Look below for the lines from the one with "ダイハツ タフト フロントグリル チッピング加工 ブラックアウト" to the one with "हुँदैन’: कुलमान घिसिङ", and copy exactly those lines, both ends included.

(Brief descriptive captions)
********

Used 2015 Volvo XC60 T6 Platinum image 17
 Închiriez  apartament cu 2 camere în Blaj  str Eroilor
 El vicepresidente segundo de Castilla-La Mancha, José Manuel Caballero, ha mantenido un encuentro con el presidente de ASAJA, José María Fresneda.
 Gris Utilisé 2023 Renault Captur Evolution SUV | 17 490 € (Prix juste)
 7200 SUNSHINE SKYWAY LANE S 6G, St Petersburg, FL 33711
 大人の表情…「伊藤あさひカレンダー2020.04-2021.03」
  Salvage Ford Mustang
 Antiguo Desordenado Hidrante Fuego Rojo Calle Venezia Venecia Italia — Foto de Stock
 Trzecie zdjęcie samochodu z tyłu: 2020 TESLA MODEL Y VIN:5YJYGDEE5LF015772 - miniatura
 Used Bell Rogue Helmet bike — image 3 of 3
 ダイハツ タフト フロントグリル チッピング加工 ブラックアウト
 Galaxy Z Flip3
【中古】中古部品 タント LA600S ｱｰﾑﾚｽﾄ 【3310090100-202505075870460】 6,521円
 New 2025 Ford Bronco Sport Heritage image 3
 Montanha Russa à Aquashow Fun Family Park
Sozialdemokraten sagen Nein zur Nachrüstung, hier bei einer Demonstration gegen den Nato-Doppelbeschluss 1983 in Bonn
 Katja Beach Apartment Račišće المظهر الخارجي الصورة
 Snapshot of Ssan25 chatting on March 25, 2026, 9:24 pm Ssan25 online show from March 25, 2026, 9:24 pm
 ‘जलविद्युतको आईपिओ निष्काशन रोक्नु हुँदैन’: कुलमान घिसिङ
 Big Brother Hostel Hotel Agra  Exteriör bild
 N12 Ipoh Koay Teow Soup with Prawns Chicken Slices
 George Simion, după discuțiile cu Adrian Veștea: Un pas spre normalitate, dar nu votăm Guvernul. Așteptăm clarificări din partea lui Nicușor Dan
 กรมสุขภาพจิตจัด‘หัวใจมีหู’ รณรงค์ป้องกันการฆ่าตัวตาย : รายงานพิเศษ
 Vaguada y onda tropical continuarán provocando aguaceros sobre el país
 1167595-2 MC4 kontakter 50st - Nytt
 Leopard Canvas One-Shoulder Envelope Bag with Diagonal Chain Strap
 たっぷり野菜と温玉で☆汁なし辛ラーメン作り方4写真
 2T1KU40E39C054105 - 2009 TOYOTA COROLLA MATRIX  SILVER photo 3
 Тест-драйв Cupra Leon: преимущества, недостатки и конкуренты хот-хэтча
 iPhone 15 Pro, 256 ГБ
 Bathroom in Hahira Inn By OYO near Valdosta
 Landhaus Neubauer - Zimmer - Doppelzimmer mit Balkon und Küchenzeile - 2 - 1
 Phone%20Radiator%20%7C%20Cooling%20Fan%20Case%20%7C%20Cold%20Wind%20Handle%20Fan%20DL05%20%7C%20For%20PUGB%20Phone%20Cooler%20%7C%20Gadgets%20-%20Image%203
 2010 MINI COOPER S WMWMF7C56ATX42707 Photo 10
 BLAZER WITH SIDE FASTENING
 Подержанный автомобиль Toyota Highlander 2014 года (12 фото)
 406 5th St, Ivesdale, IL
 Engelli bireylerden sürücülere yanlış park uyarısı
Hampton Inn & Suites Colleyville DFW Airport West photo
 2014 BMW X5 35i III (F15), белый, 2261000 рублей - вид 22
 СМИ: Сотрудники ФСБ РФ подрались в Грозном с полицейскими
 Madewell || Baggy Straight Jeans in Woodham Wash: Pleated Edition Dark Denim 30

********

Expected output =>
 ダイハツ タフト フロントグリル チッピング加工 ブラックアウト
 Galaxy Z Flip3
【中古】中古部品 タント LA600S ｱｰﾑﾚｽﾄ 【3310090100-202505075870460】 6,521円
 New 2025 Ford Bronco Sport Heritage image 3
 Montanha Russa à Aquashow Fun Family Park
Sozialdemokraten sagen Nein zur Nachrüstung, hier bei einer Demonstration gegen den Nato-Doppelbeschluss 1983 in Bonn
 Katja Beach Apartment Račišće المظهر الخارجي الصورة
 Snapshot of Ssan25 chatting on March 25, 2026, 9:24 pm Ssan25 online show from March 25, 2026, 9:24 pm
 ‘जलविद्युतको आईपिओ निष्काशन रोक्नु हुँदैन’: कुलमान घिसिङ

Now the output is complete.